Abboccando all’amo di Kim, che accompagna ogni provocazione a una tambureggiante retorica, con la sua controretorica fiammeggiante Trump si è ficcato in un vicolo cieco. Non è pensabile che la superpotenza a stelle e strisce accetti come fatto irreversibile di essere sotto la minaccia permanente di missili con testata atomica che nei prossimi anni potrebbero colpire in profondità gli Stati Uniti. Allo stesso tempo, per impedire il consolidamento di questo scenario dell’orrore, gli Usa sarebbero costretti o a concessioni negoziali indigeribili (venendo incontro alle pretese nordcoreane segnalate al punto due) o a rischiare una guerra dalle conseguenze catastrofiche. Anzitutto per la Corea del Sud: Seul è sotto schiaffo dell’artiglieria nordcoreana, in grado di incenerire la metropoli in qualche ora. Poi per l’alleato giapponese, verso il quale i coreani (tutti, non solo quelli del Nord) nutrono una particolare avversione – ricambiata. Infine e soprattutto per gli Stati Uniti, le cui basi avanzate nell’Asia Pacifico, oltre al contingente schierato in Corea del Sud, rischierebbero di subire perdite consistenti per la rappresaglia nordcoreana. La possibilità di un’escalation nucleare, con il coinvolgimento di altre potenze, Cina in testa, non è affatto da escludere. Inoltre, una guerra preventiva, come gli americani sanno bene, non è mai facile da legittimare sia agli occhi del mondo che di parte dell’opinione pubblica domestica.

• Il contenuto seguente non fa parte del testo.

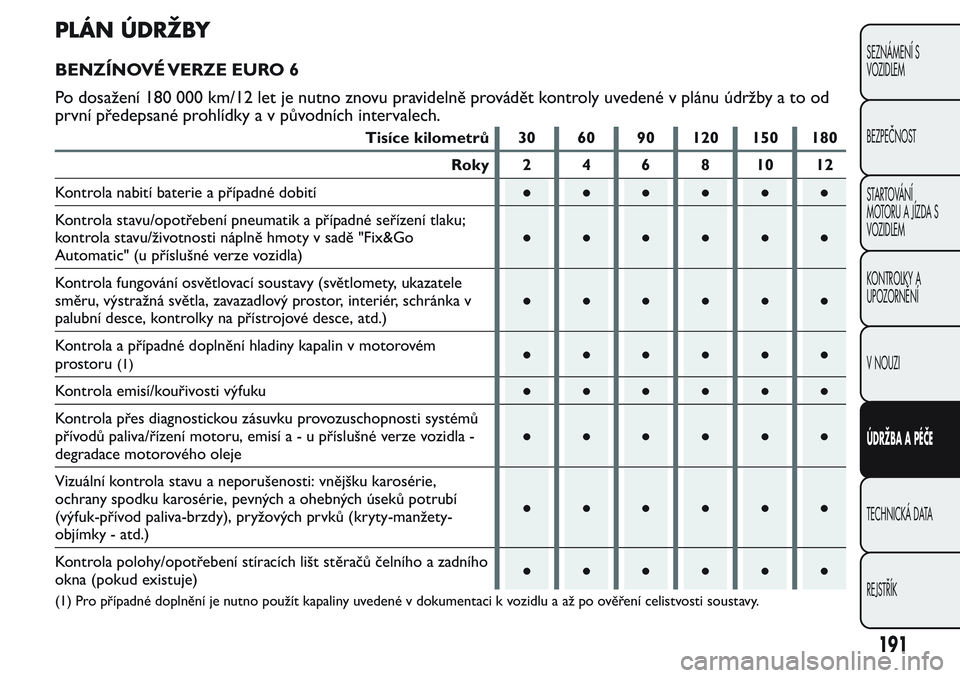 FIAT FIORINO 2017  Návod k použití a údržbě (in Czech) PLÁN ÚDRŽBY
BENZÍNOVÉ VERZE EURO 6
Po dosažení 180 000 km/12 let je nutno znovu pravidelně provádět kontroly uvedené v plánu údržby a to od
první předepsané prohlídky a v původních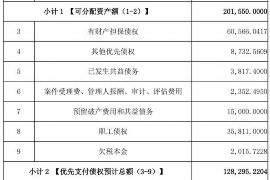 协助讨回工程项目工程款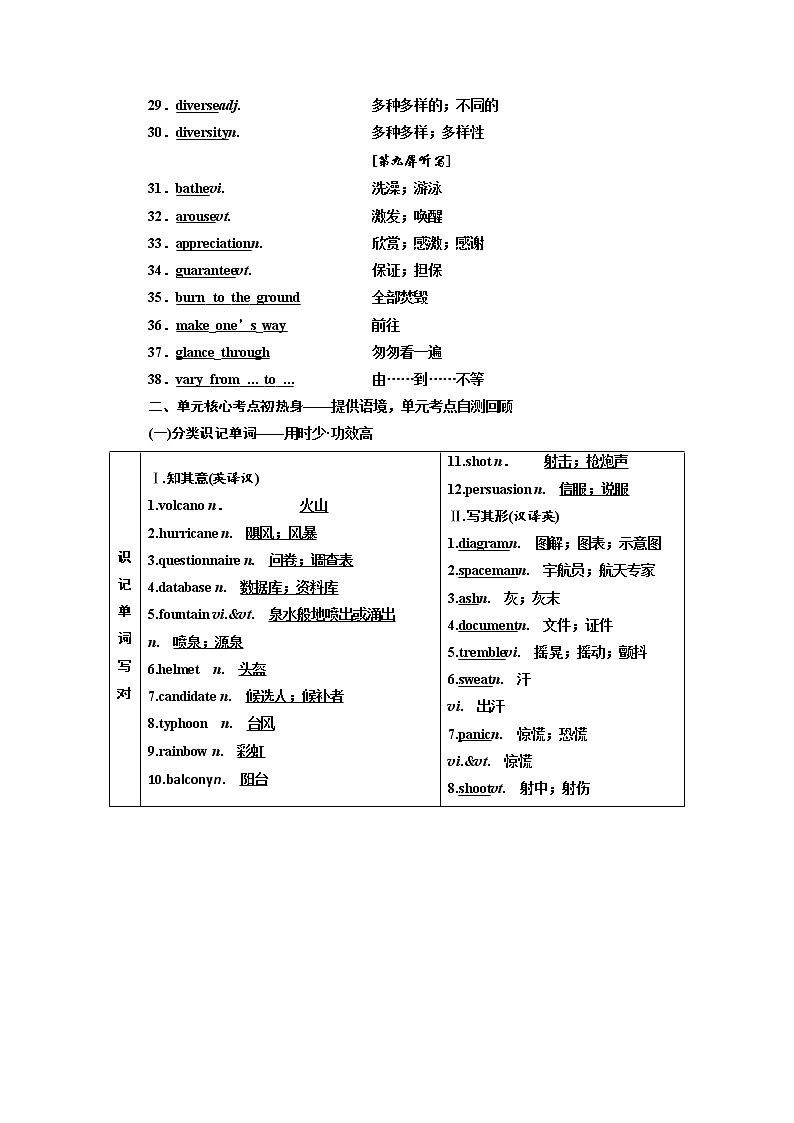 2020版高考英语新设计一轮复习人教浙江专版讲义：选修6Unit5Thepowerofnature03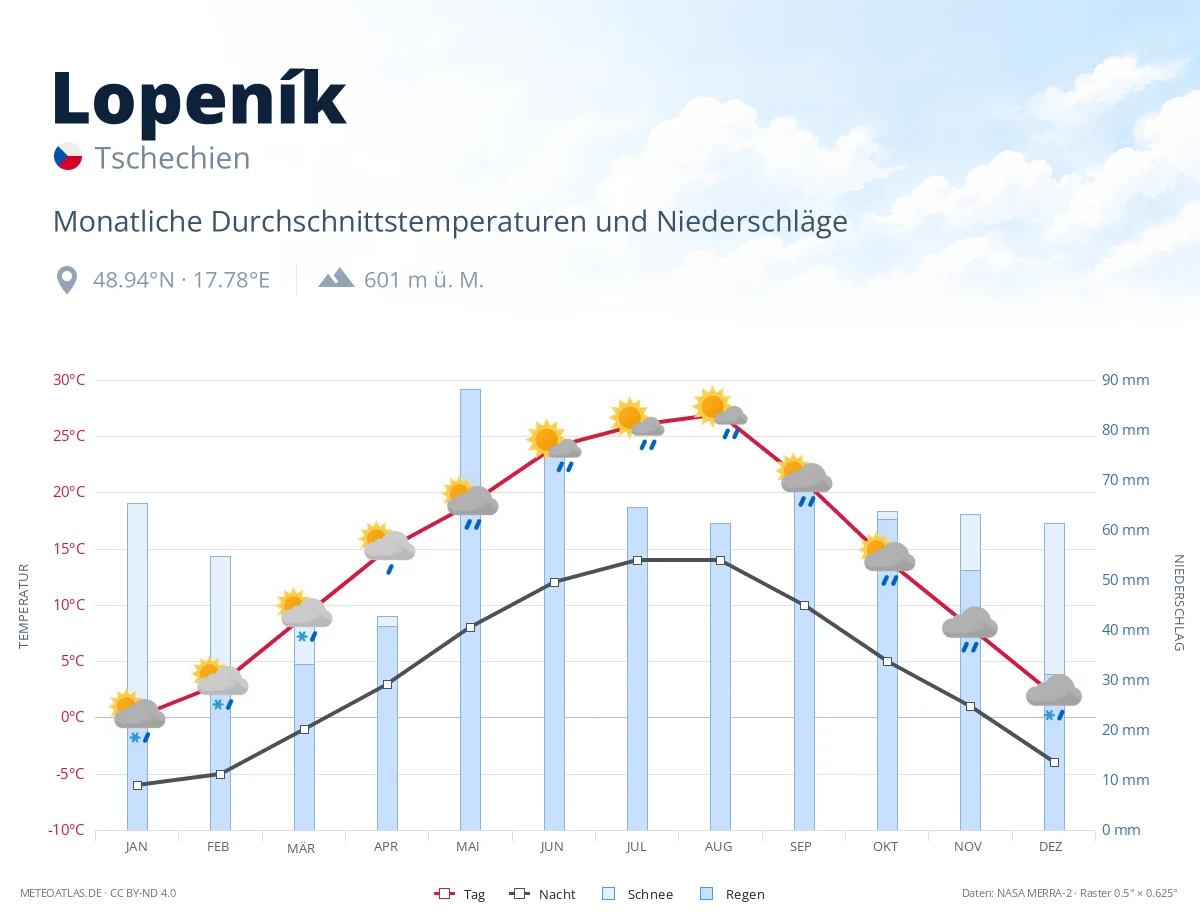 Lopeník - monatliche Durchschnittstemperaturen und Niederschläge
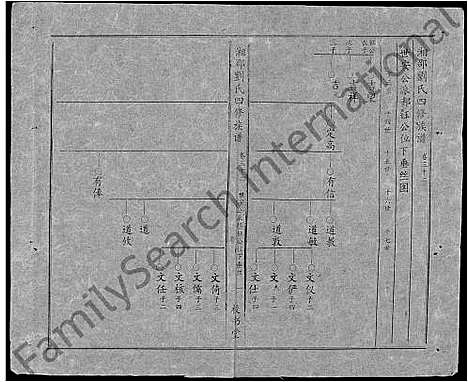 [刘]湘邵刘氏四修族谱_59卷首1卷 (湖南) 湘邵刘氏四修家谱_A092.pdf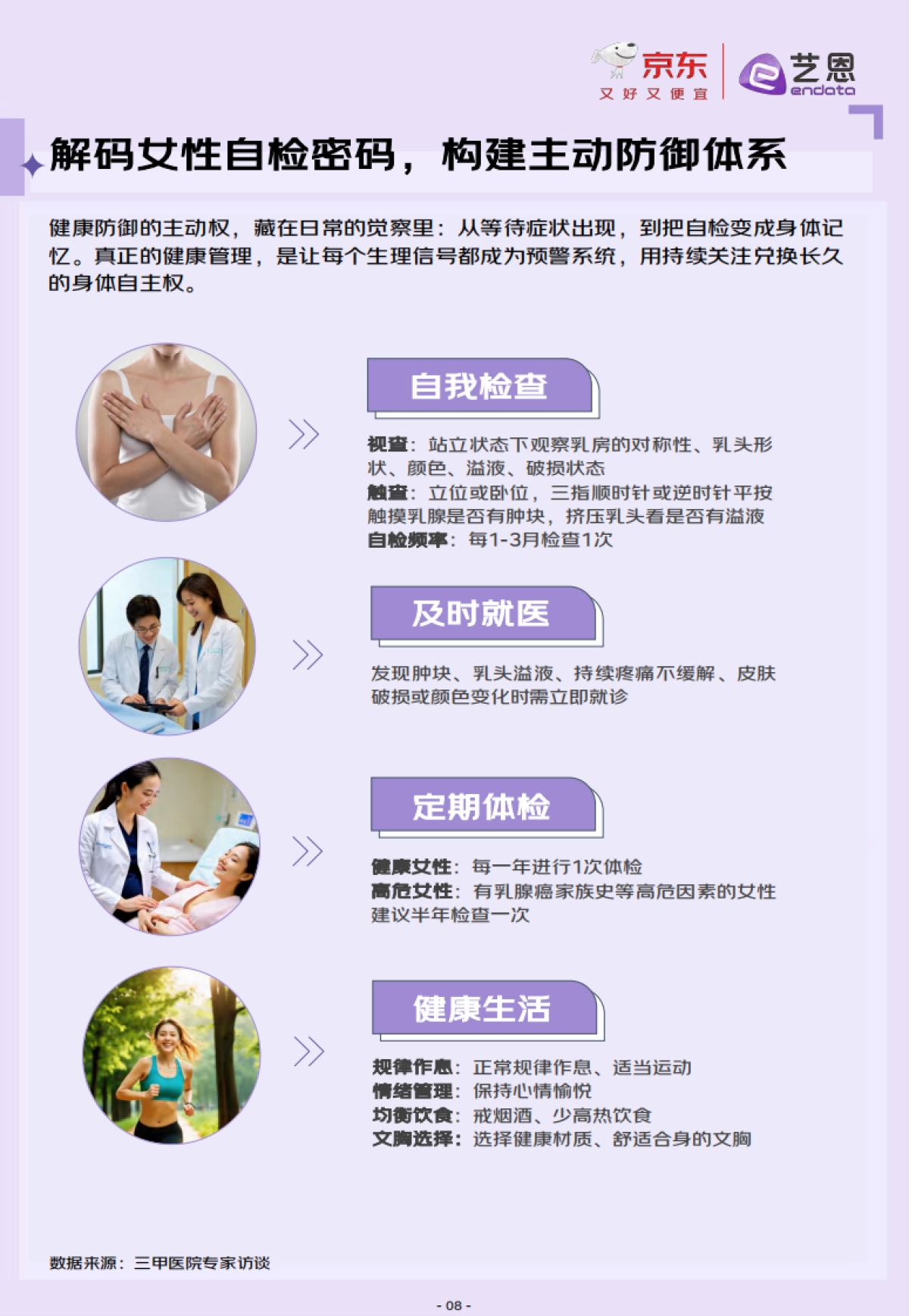 2025年京东服饰科学选文胸白皮书_第8页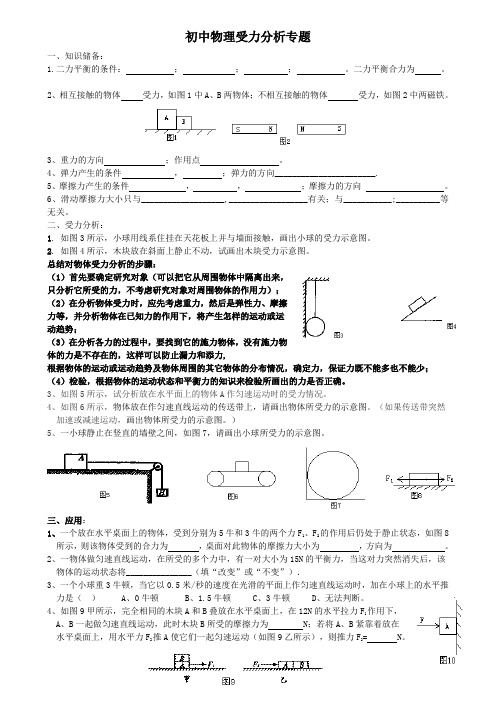 (完整版)初中物理受力分析专题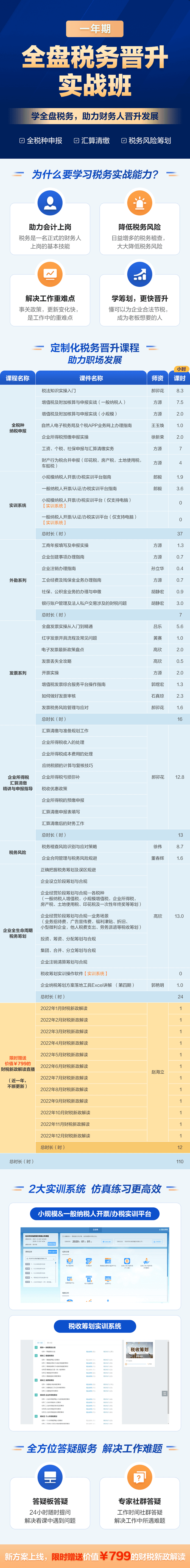 全盘税务晋升实战班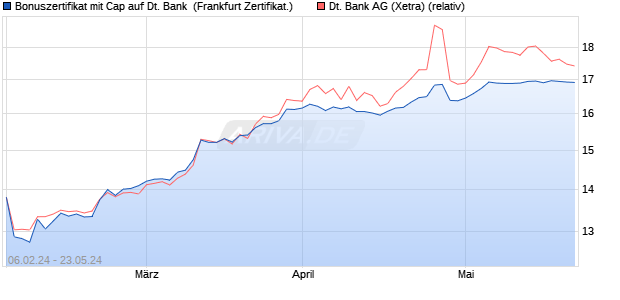 Bonuszertifikat mit Cap auf Deutsche Bank [DZ BANK. (WKN: DJ88TJ) Chart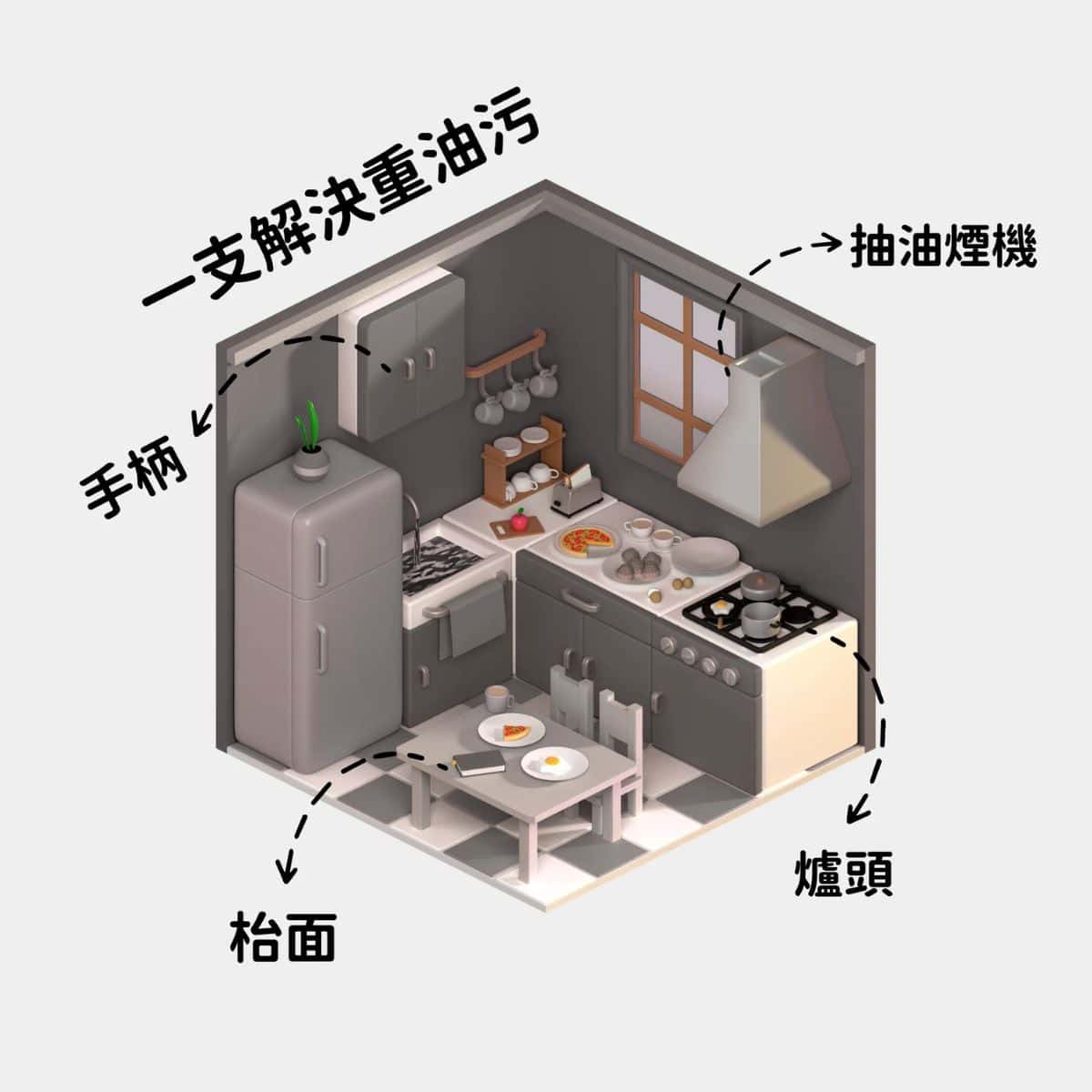 高效去除廚房油污，適用於抽油煙機、爐面和油煙機，幫助保持廚房清潔與衛生，環保安全。.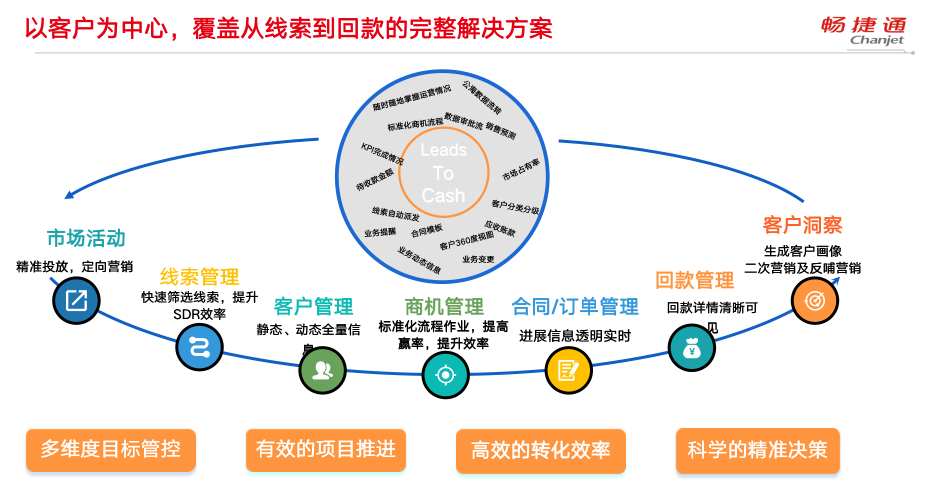 销帮帮CRM x 用友畅捷通T+：打破数据孤岛，实现业财一体！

Siamo dunque all’alternativa del diavolo. Qualsiasi cosa Trump decida di fare o di non fare, rischia di perdere. Alla fine, le esigenze elettorali potrebbero spingerlo a giocare la carta militare, scenario nel quale usualmente il popolo americano (insieme agli apparati civili e militari) si schiera con il presidente nell’esercizio delle sue funzioni di comandante in capo.
A Washington si spera che la Cina convinca Kim a recedere dalle sue provocazioni. Difficile. Il potere di Pechino su Pyongyang non è così forte come molti decisori americani credono o sperano. Inoltre, anche Xi Jinping è in una tenaglia. Se gli americani attaccassero, preventivamente o in reazione a una intollerabile provocazione nordcoreana (missili su Guam), che cosa può fare la Cina? Nulla, e allora perderebbe la faccia. O dovrebbe entrare in guerra: ma con chi e contro chi? Certo Xi non pensa a uno scontro con l’America, ma le circostanze finite fuori controllo potrebbero suscitare esattamente questo terribile scenario.
Infine, se la Corea del Nord attacca l’America, la Nato che fa? In teoria dovrebbe correre in soccorso degli Usa. In pratica, appare molto improbabile. Sia perché gli americani non saprebbero che farsene degli atlantici, sia anche perché gli europei avrebbero serie difficoltà a convincere le rispettive opinioni pubbliche a mandare i propri soldati a combattere nell’Asia-Pacifico. La recente sortita di Angela Merkel, per cui in ogni caso la Germania non entrerebbe in un simile conflitto, riflette l’umore di fondo degli alleati.